Vous le savez si vous suivez ma chaîne YouTube et mon blog depuis un moment, je suis un adepte des Hackintosh !

Le Hackintosh est un mot-valise provenant de la contraction de Hack et Macintosh. Mais c’est surtout pour moi l’occasion de me monter une configuration personnalisée pour ma nouvelle machine qui viendra accueillir Windows 11 et macOS sur un double boot.

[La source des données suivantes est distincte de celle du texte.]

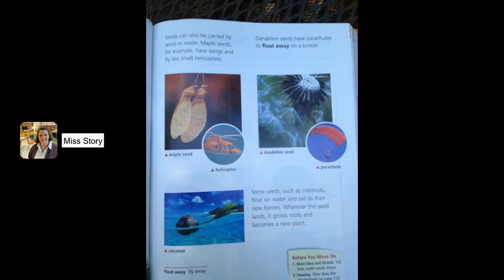Seeds can also be carried by wind or water. Maple seeds, for example, have wings and fly like small helicopters. Dandelion seeds have parachutes to float away on a breeze. Some seeds, such as coconuts, float on water and sail to their new homes.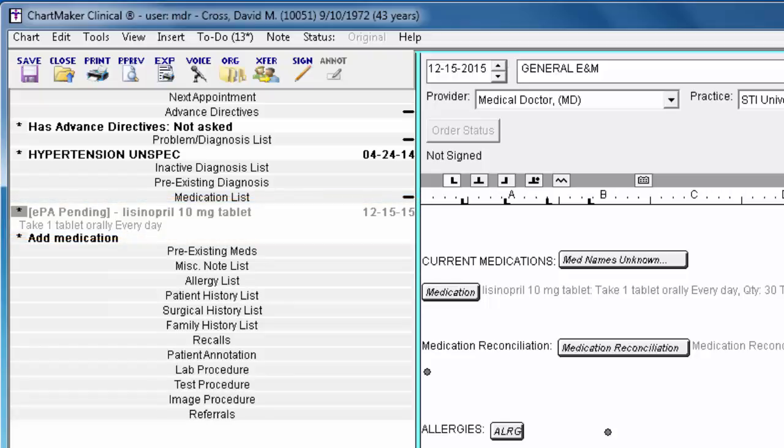EPA Pending indicates that you are waiting for a response from the PBM. Please remember that at this point the script has not been electronically prescribed, it has only been submitted for prior authorization.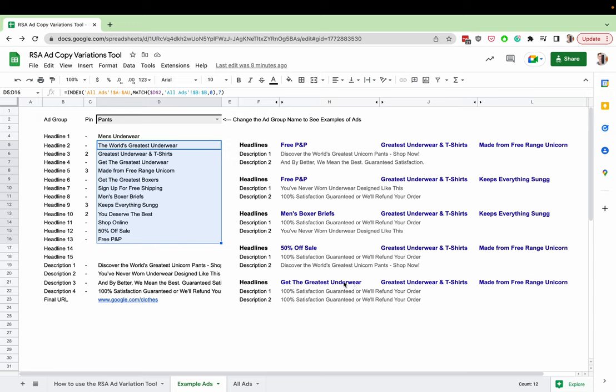These two here, headline one and headline two, they clash a little bit. So we probably want to look for some other alternatives. Maybe we don't want things like free PNP appearing in position number one up here. And maybe we don't want 50% off appearing up here.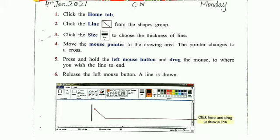Number six: release the left mouse button. Aap left mouse button ko release karnege. Aap dekhenge a line is drawn. A line draw ho jage. In this picture you can see the line is drawn.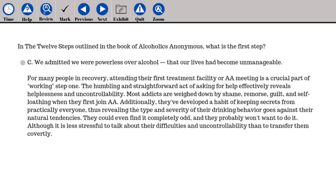The answer is C. For many people in recovery, attending their first treatment facility or AA meeting is a crucial part of working step one. The humbling act of asking for help effectively reveals helplessness and uncontrollability. Most addicts are weighed down by shame, remorse, guilt, and self-loathing when they first join AA. They've developed a habit of keeping secrets, so revealing the type and severity of their drinking goes against their natural tendencies. They could find it completely odd, and probably won't want to do it, although it is less stressful to talk about difficulties than to transfer them covertly.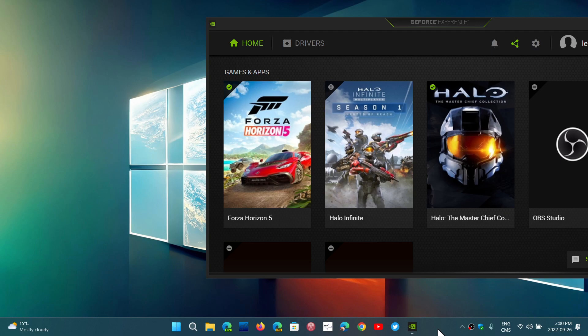For those that have not moved yet to 22H2, and you're a gamer, and you see it available, I would suggest that you actually wait for the official version of the GeForce Experience app to be updated to 3.26. And when that is done, then maybe move on to Windows 11 22H2.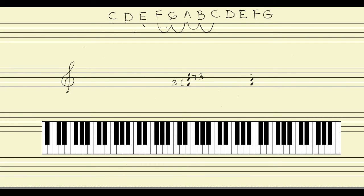Let me rewrite the F triad and calculate the distance from the bottom note. F is our bottom note. If we measure from F to our middle note A: F 1, G 2, A 3 — we get a third. Then if we measure from F up to C: F 1, G 2, A 3, B 4, C 5 — that's a fifth.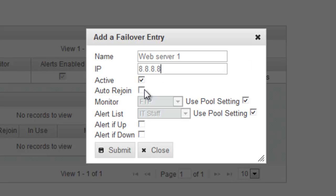I'm going to enable Auto Rejoin, which means that if the server has gone down and it's come back up, I want it to start using again. And I'm going to enable up and down alerts as well.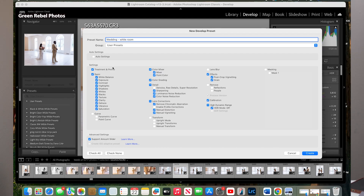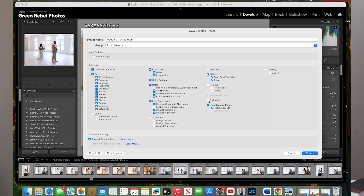From there, you want to have all of the settings checked that you actually changed and that you actually like. Sometimes people don't check Exposure just because your exposure could change. You want to check all the ones you actually played with and uncheck the ones you haven't used — like I really didn't use Calibration, so I can take that off if I wanted to.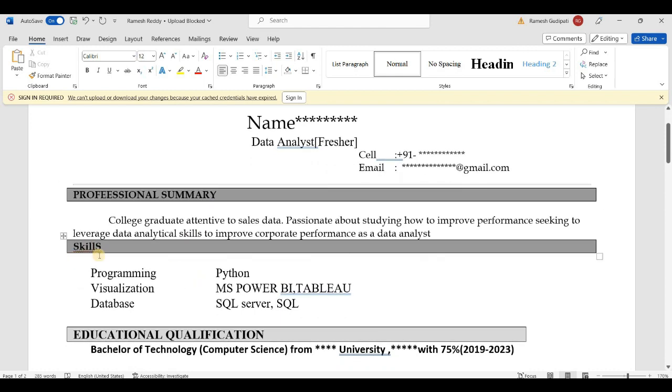Next section is Skills. If you have any skills, you can note them here.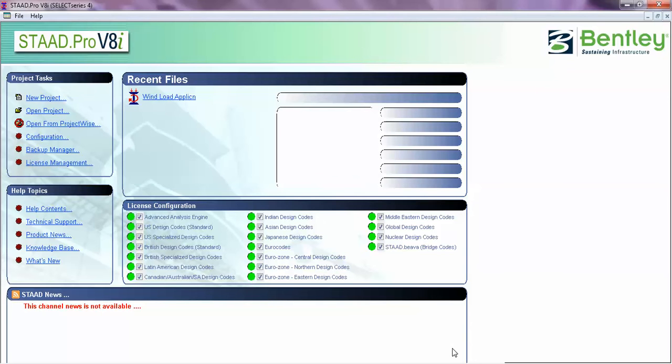Hello friends, this is Jagbir Singh and today we are going to do steel design as per IS 800. As per request from one of my subscribers, Mr. Radhakrishna Prasad, today we are going to focus more on the explanation of LX, LY, LZ and KX, KY, KZ in steel design. Thanks Mr. Rama Krishna Prasad for giving me feedback.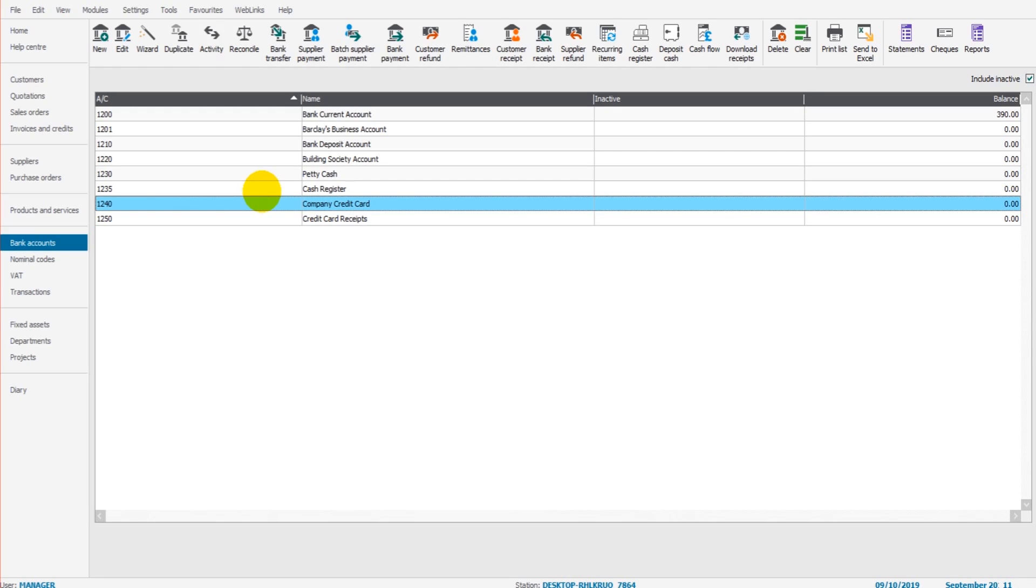And it's the same with receipts. If you receive bank interest, that is a bank receipt, and totally different to when a customer pays an invoice and you need to allocate a payment received to an invoice raised. So there's a number of different scenarios.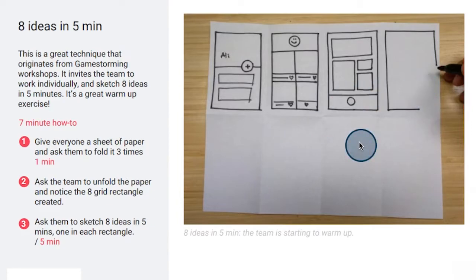Now, this activity can be a little bit intimidating to people who aren't designers. So, here are a few tips for what you can do.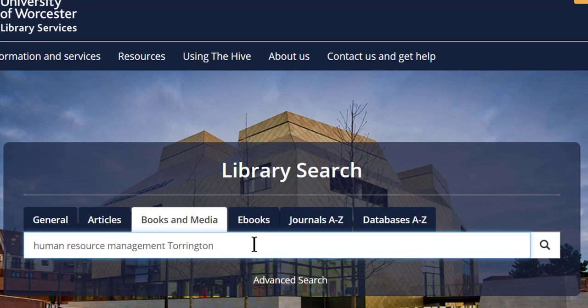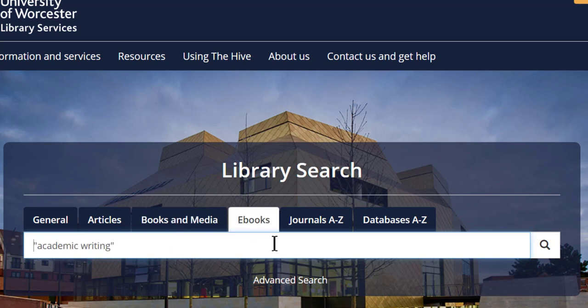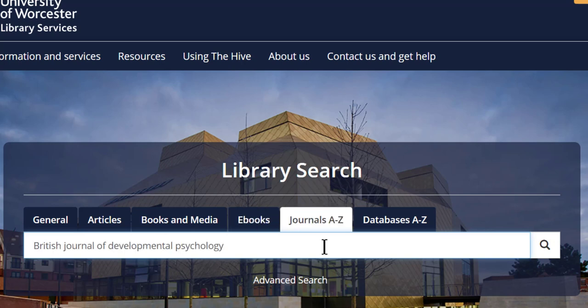Books and Media will find books available in the Hive Library and in other Worcestershire libraries too. Results will open in our library catalogue. The eBooks tab will find eBooks which you can read entirely online. If you are looking for a specific journal online, then you can use the Journals A-Z tab to search by journal title.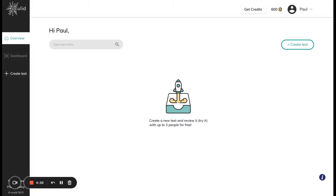Hello everyone and welcome to the Oculet product tour. Today I will be showing you how you can start creating and running your first eye tracking test with Oculet and how you can start doing so even for free on the Oculet platform.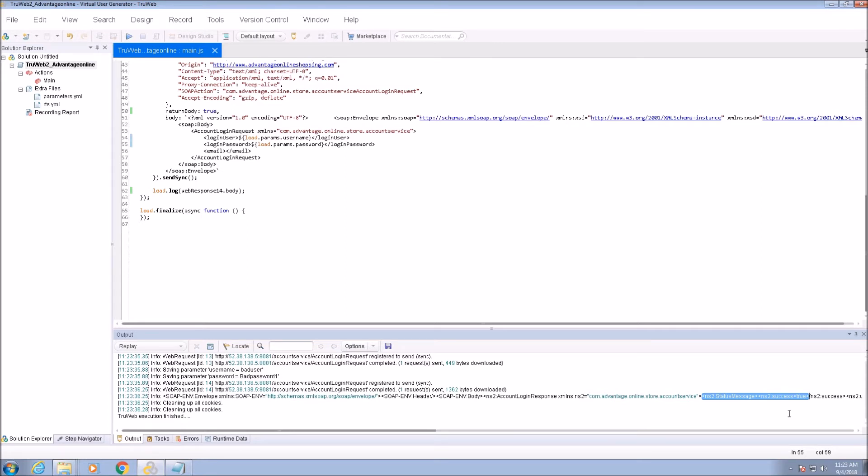Thank you for watching this video about using parameters in a TrueWeb script. You are invited to watch our next video about correlations.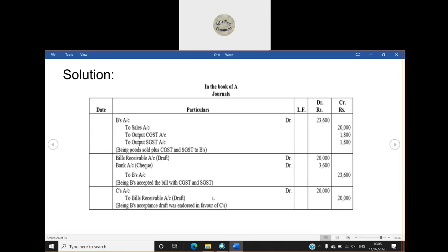Now this bill B has endorsed in favor of C. B has given this bill to C. So the asset with A is decreasing. So bills receivable account is decreasing with A. That is why he has credited it. And C was the creditor of A, and the liability of A is decreasing. Creditor is decreasing because A has given him bills receivable.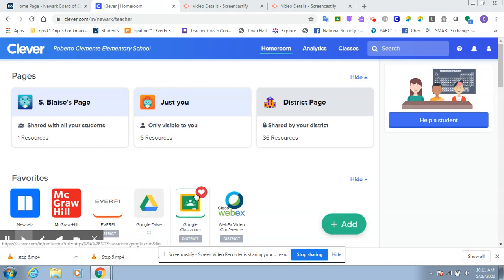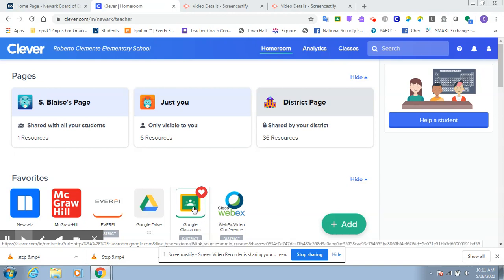Well, here is the Google Classroom icon right here. Google Classroom, I always tell you at school, is yellow and green. And if you want to get to Google Classroom, all you have to do is click on the Google Classroom icon.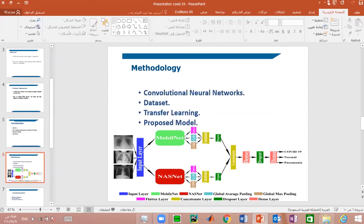Transfer learning means the use of previously acquired knowledge and skills in new learning or problem-solving situations. In practice, transfer learning works much better than training a model from initialization. Transfer learning not only gives better prediction results but also trains faster.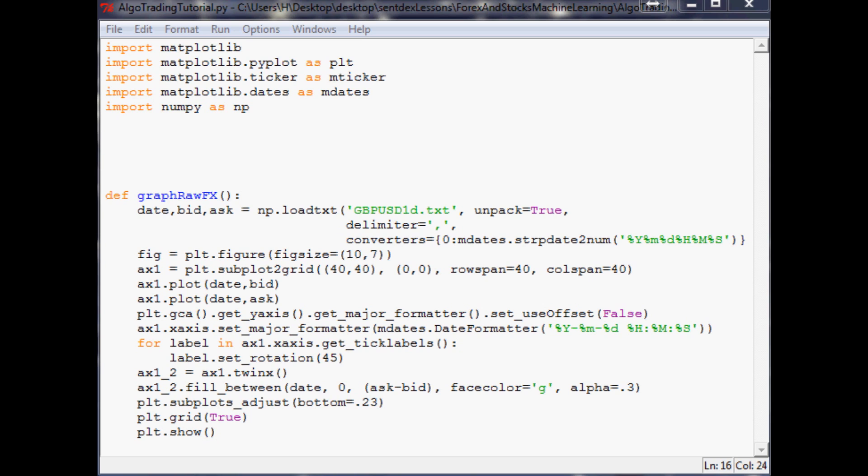Hello everybody and welcome to part four of machine learning for forex and stock trading analysis. Now that we've seen our data, let's actually talk about our goals - what do we want to do here?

Avant de commencer à parler de l’installation du Hackintosh en lui-même, on va parler de configuration matérielle. Parce que oui, lorsque l’on a le projet de faire un Hackintosh, la configuration matérielle est très importante.

J’utilise cet ordinateur essentiellement pour faire mes montages vidéos, écrire mes articles, faire tourner quelques VMs, mais aussi pour jouer un peu, bref un peu de tout. Alors oui, ma configuration n’est pas LA configuration ultime qui vous permettra de faire des rendus en quelques secondes et de jouer aux derniers jeux en ultra. Mais elle est aussi en fonction de mon budget, et vous pourrez très bien l’adapter en changeant processeur et carte graphique.

Voici ma nouvelle configuration :

Pourquoi cette configuration ?

Je vais rapidement vous expliquer pourquoi j’ai choisi ces composants.

La carte mère ASUS Prime Z590-P

Dans ma dernière configuration, j’étais déjà partie sur une carte mère ASUS, je n’ai jamais eu de souci avec, encore une fois je fais confiance à ASUS d’autant plus qu’après avoir fouiné un peu partout j’ai trouvé de nombreuses personnes qui ont monté leur Hackintosh avec cette carte mère.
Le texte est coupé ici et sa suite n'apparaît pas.